Au départ, Émilie rêvait de faire des photos de mode pour les vêtements des boutiques Souris Mini. «Je voulais avoir ma photo sur le derrière d’un autobus», se remémore en riant la principale intéressée. Aussi, quand elle regardait un film, elle ne pouvait s’empêcher de mimer les scènes qui défilaient devant elle. «Je capotais sur le film Le roi lion, et j’étais toujours debout, en train d’imiter les personnages.»

Son souhait de prendre la pose a été exaucé, et son minois s’est retrouvé sur la page frontispice d’une édition du magazine Enfants Québec. Impressionnée par l’attitude exemplaire de son jeune modèle de quatre ans, qui passait encore ses journées en CPE, l’équipe de la publication avait conseillé à Tatiana de diriger sa puce vers d’autres types de contrats et de lentilles.
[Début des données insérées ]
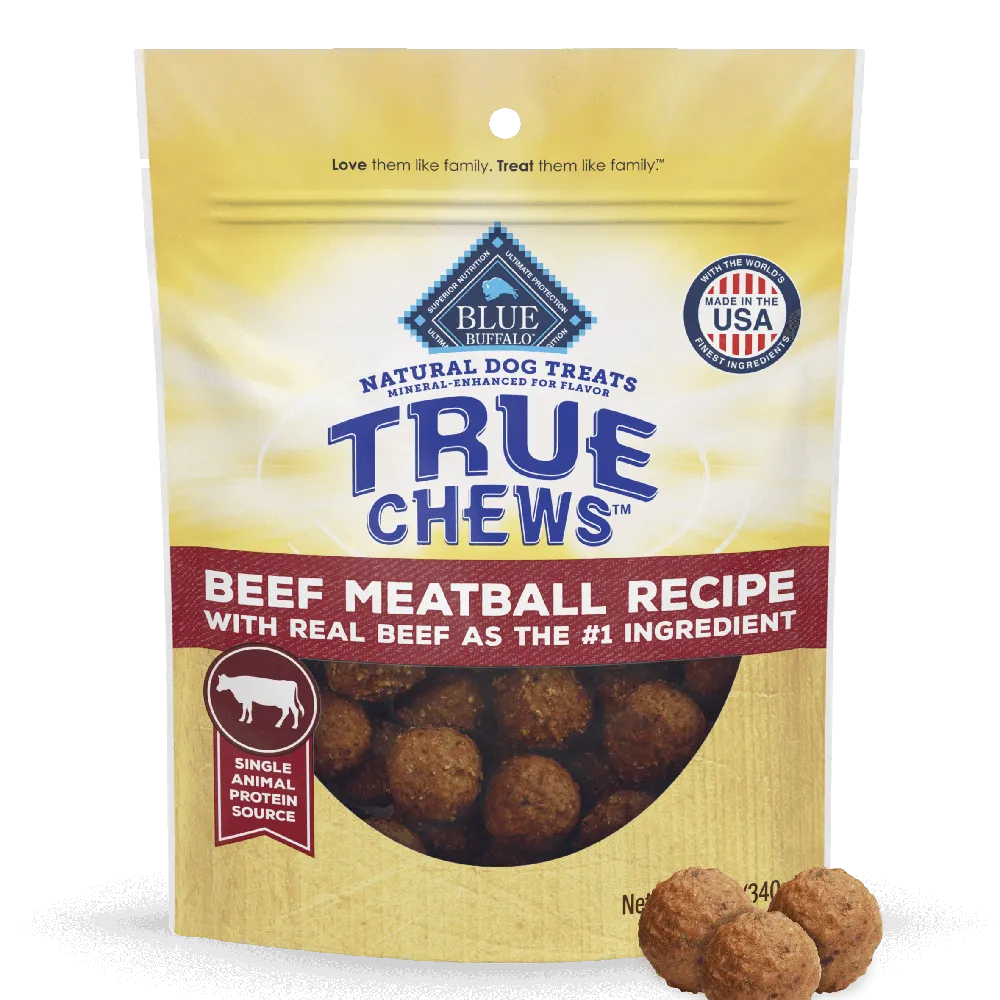 Free Blue Buffalo NEW True Chews Beef Meatballs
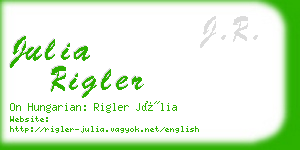 julia rigler business card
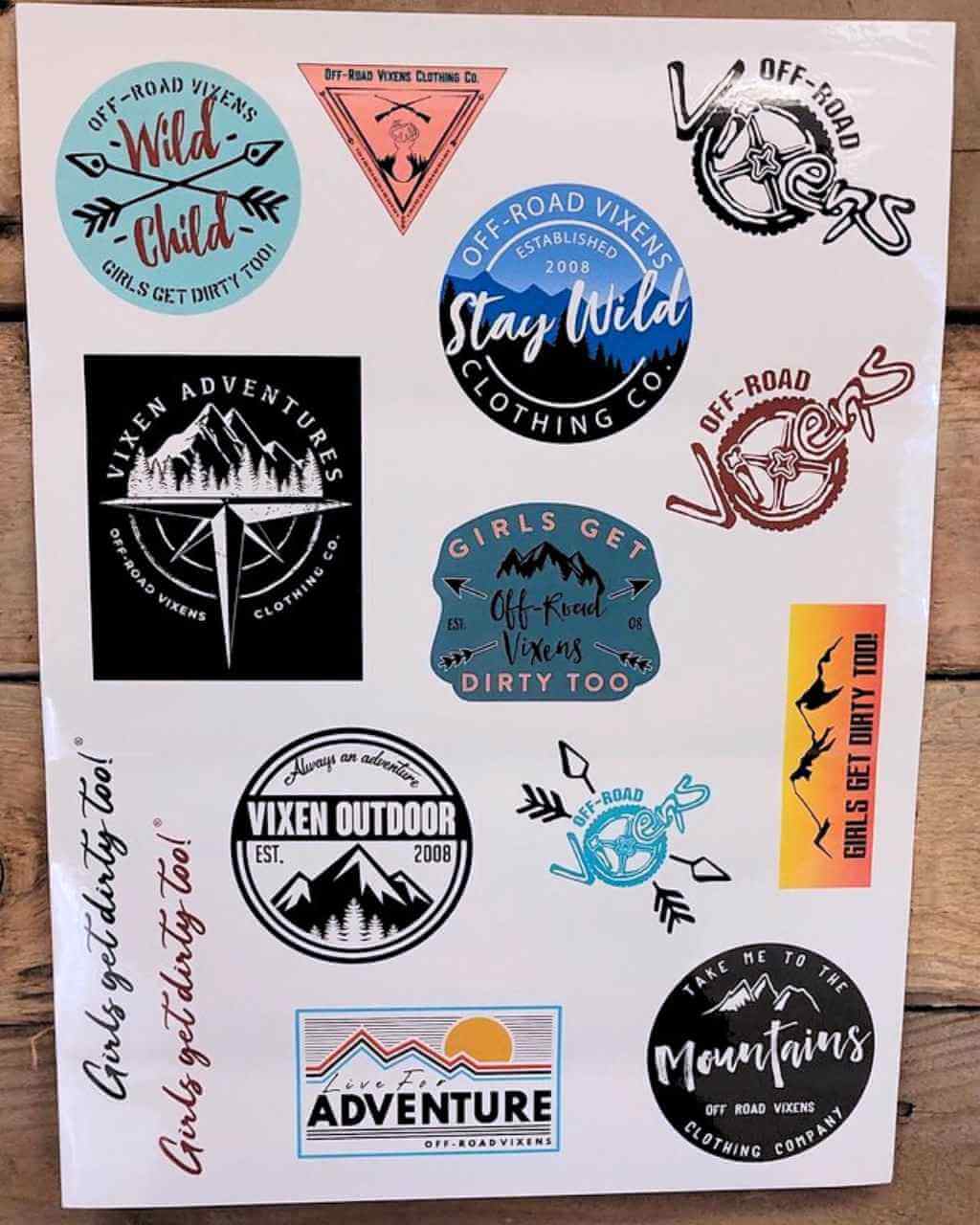 Vixen Outdoor Sticker Sheet - LiveTheGnar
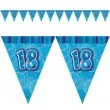 baner flagi urodziny 18 glitz blue czarny 3 6 m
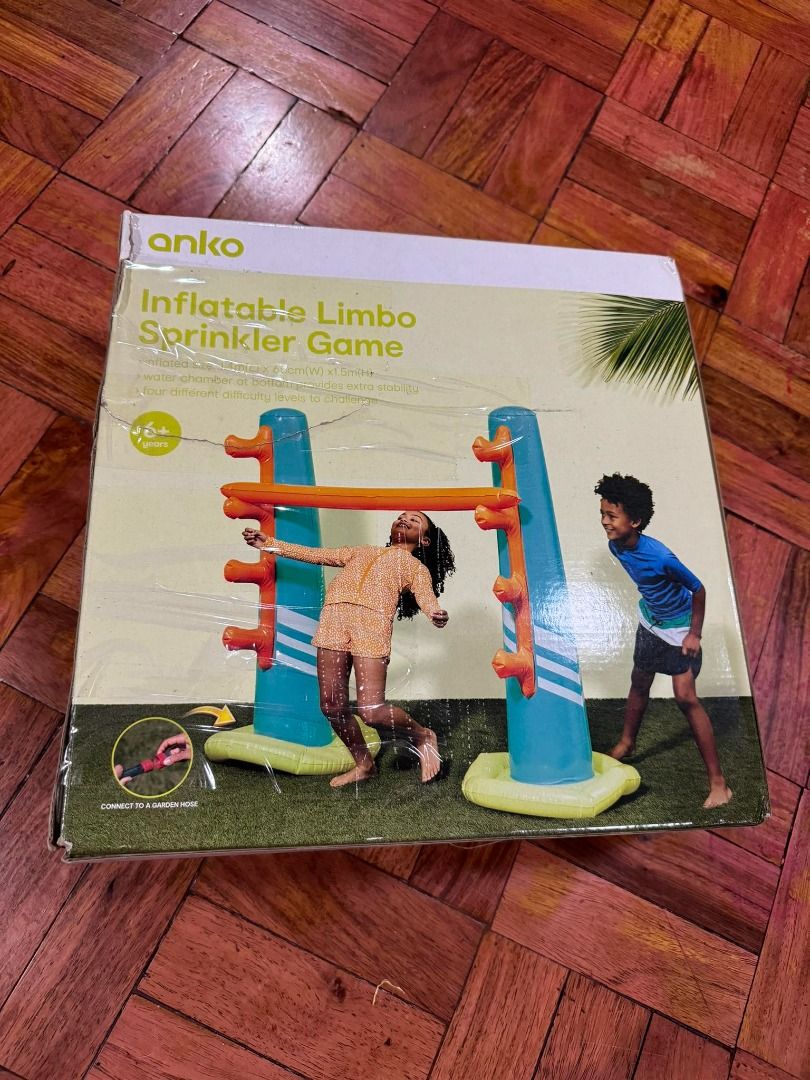 BNIB ANKO Inflatable Limbo Sprinkler Game for Kids, Hobbies & Toys
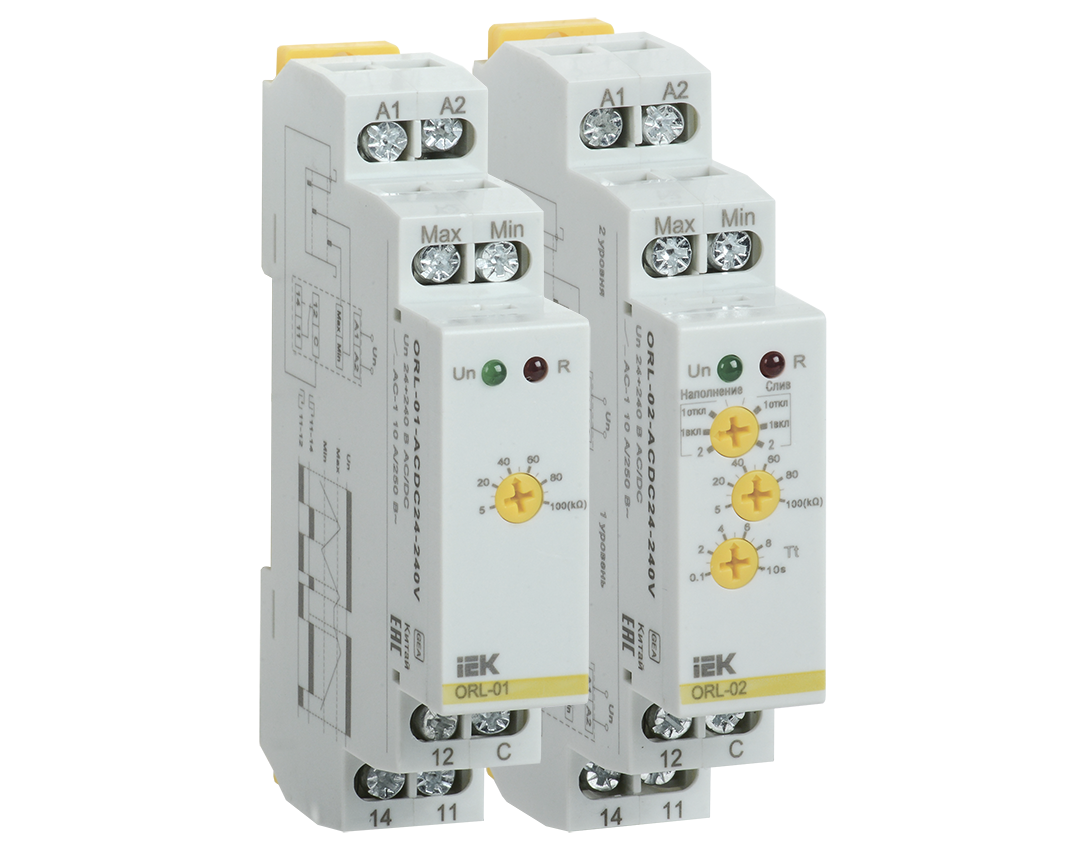 Реле контроля уровня IEK серии ORL.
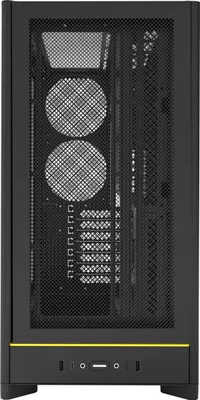 Produktbild von Montech HS01, Midi Tower, PC, Schwarz, ATX, micro ATX, Mini-ITX, 17,5 cm, 42 cm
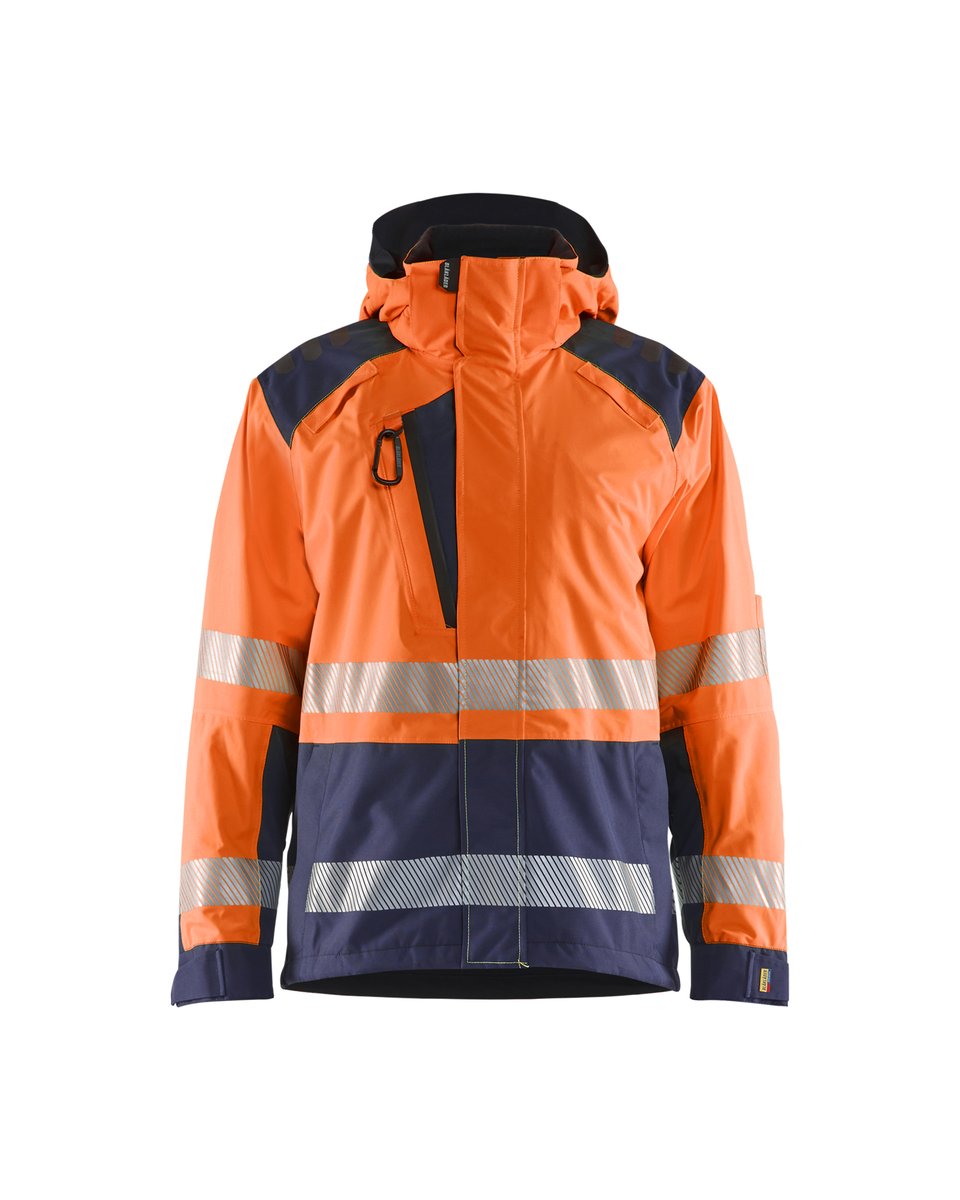 Blåkläder 4435 Shell jack High Vis - High Vis Oranje/Marineblauw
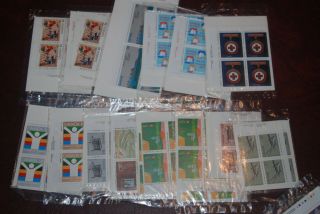 Canada NH Plate Block packs,  $265.  44 face value FV Discount Postage 3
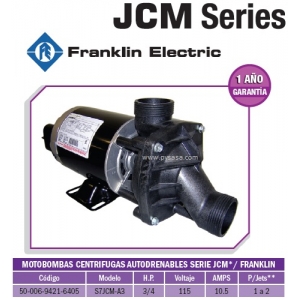 Motobomba JCM 3/4 HP, Modelo S7JCM-A3 - Franklin Electric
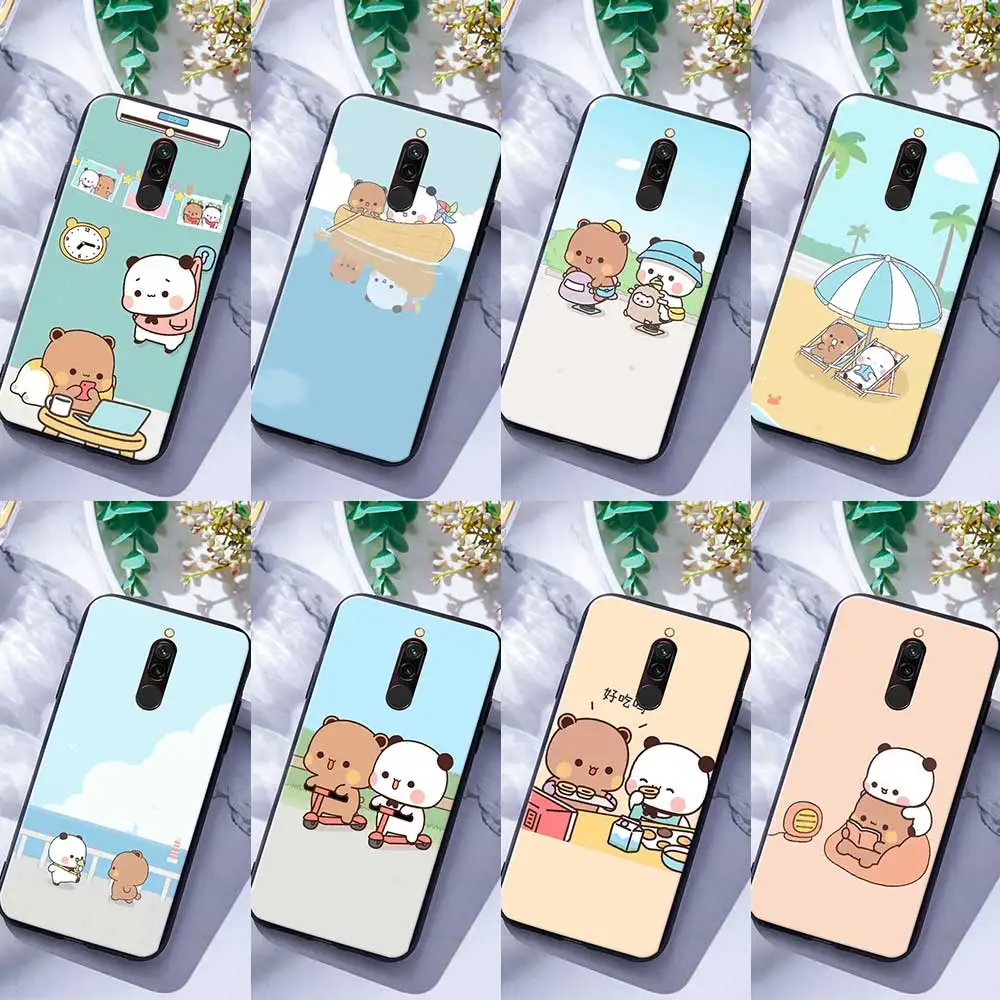 

For Xiaomi Redmi 8A 9A 9C 9T 10A 10C Note 8 9 10 11 Pro 9S 10S Silicone Phone Case Cover BUBU 2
«Je ne voulais rien savoir, échappe catégoriquement cette dernière. Ç’a pris au moins une année avant qu’Émilie entre dans une agence. Le but n’était pas forcément de faire de la télé. Et ça s’est fait au fur et à mesure. Son agent l’envoyait dans plusieurs auditions. C’est un peu le hasard de la vie qui l’a emmenée là, et elle a aimé et s’est épanouie là-dedans.»

Réaliste, Tatiana répète souvent à Émilie que, dans le domaine artistique, rien n’est garanti. Chez les Bierre, on profite du moment présent et on prend les événements comme ils se présentent.

«Je lui dis souvent qu’elle tourne avec des gens qui ont des super belles carrières, mais il y en a pour qui c’est plus dur, qui n’ont pas la même stabilité, souligne Tatiana. Même ce qu’Émilie vit, à son âge, ce n’est pas la réalité. Souvent, les gens nous disent qu’elle est bien partie, mais ça peut crasher. On ne sait jamais ce qui peut arriver.»

Un discours inspirant

En août dernier, Émilie Bierre était nommée «Fille la plus inspirante de l’univers» à KARV l’anti-gala. Les jeunes téléspectateurs de VRAK saluaient ainsi son implication en tant que porte-parole de la Fondation Jasmin-Roy, qui vient en aide aux victimes d’intimidation. Pour elle qui rêvait depuis de nombreuses années de simplement participer à ce rassemblement festif orchestré par VRAK, d’assister au spectacle sur place, et qui vivait frénétiquement son premier anti-gala à vie, c’était un double honneur.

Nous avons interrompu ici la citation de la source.